BEGIN Given data
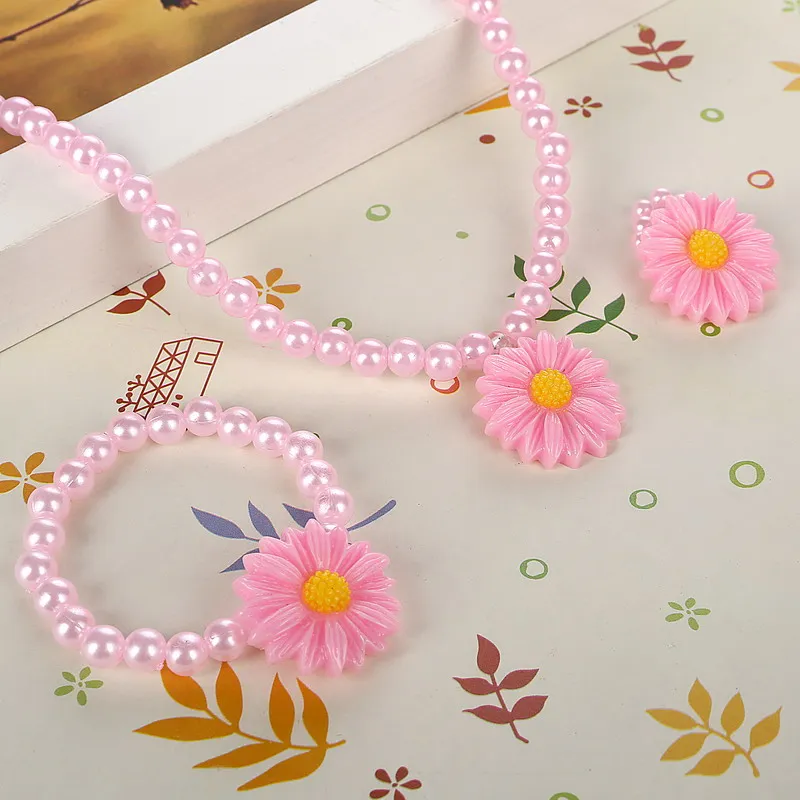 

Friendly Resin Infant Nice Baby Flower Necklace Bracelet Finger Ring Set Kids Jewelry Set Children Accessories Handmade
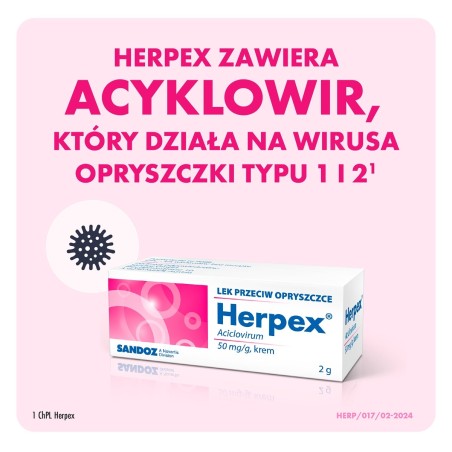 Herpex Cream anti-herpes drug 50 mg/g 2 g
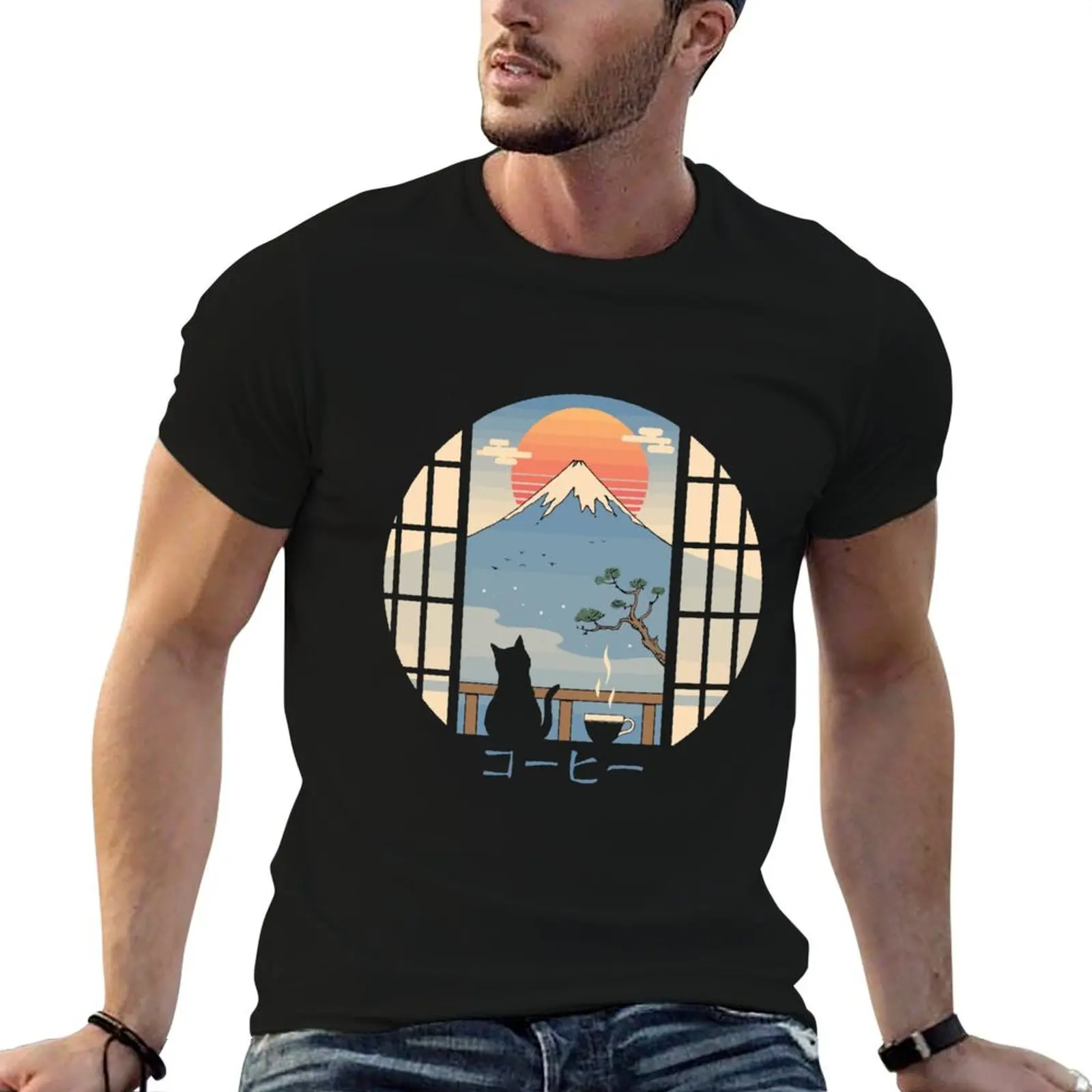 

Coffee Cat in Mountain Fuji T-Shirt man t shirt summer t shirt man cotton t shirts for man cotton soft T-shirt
END Given data
Quote the material exactly. Pictures stay out.

Friendly Resin Infant Nice Baby Flower Necklace Bracelet Finger Ring Set Kids Jewelry Set Children Accessories Handmade
 Herpex Cream anti-herpes drug 50 mg/g 2 g

Coffee Cat in Mountain Fuji T-Shirt man t shirt summer t shirt man cotton t shirts for man cotton soft T-shirt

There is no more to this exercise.